July 14, 2013
Click Here to read and interview with Susanna Coffey by Jennifer Samet at Hyperallergic
June 12, 2013
Friday, June 21, 6:30–7:30 p.m.
January 30, 2013
National Academy Museum / January 31 – May 5
1083 5th Ave at 89th Street New York, NY 10128
Susanna Coffey will be exhibiting at The Annual: 2013, a tradition at the Academy since its founding in 1826, the exhibition includes work by recently elected Academy members and highlights their important contribution to American culture.
October 09, 2011
Susanna Coffey has donated a piece for the New York Studio School Benefit Auction and Dinner
November 1, 2011 / 6:00 PM Cocktail Reception and Silent Auction / 8:30 PM Dinner
For further details please click here
February 11, 2011
When Joan Backes, the Curator of Vault Series at The New Bedford Museum contacted me about exhibiting my paintings there, I was very interested in doing so. Your city has long held an important place in my imagination. New Bedford in the 1840′s was home to two of America’s most influential artists, the writer Herman Melville and the painter Albert Pinkham Ryder. Both are known for works that reveal a human consciousness that is inextricably merged with the “natural” world. According to this Transcendentalist vision each of us is bound in ongoing and dynamic interchange with the surrounding earth, water and air. I am one of many artists whose work is deeply influenced by this way of seeing, by these two sons of New Bedford. As a painter, Ryder has been an early and consistent source of inspiration. The powerful abstractness of his figurative paintings shows me that a “realistic” image is not enough.

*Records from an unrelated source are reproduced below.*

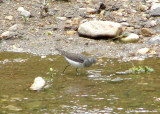 Greater Yellowlegs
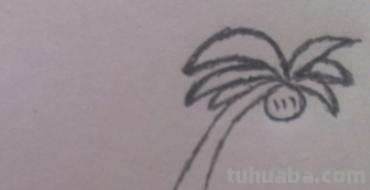 椰子树怎么画简笔画 儿童简单水彩画海边? 椰子树怎么画简笔画 儿童简单水彩画海边?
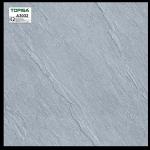 Gạch TOPISA 30x60 A3032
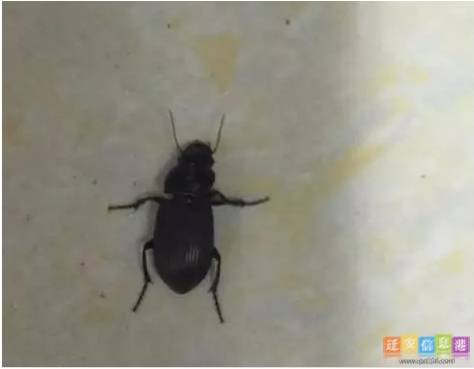 家里出现小黑虫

One must see how an image is placed on the rectangle of the canvas and how the paint itself appears in order to fully access an authentic iteration of that image. Melville, the writer challenged me to look closely and hard at the world and it’s creatures. His ability to impart his perceptions in a clear and accessible language challenged me to do the same. More than anything, reading Melville has helped me throughout those many “dark drizzly Novembers in my soul” that are familiar to any mature artist. I am so pleased to be a part of this exhibition series.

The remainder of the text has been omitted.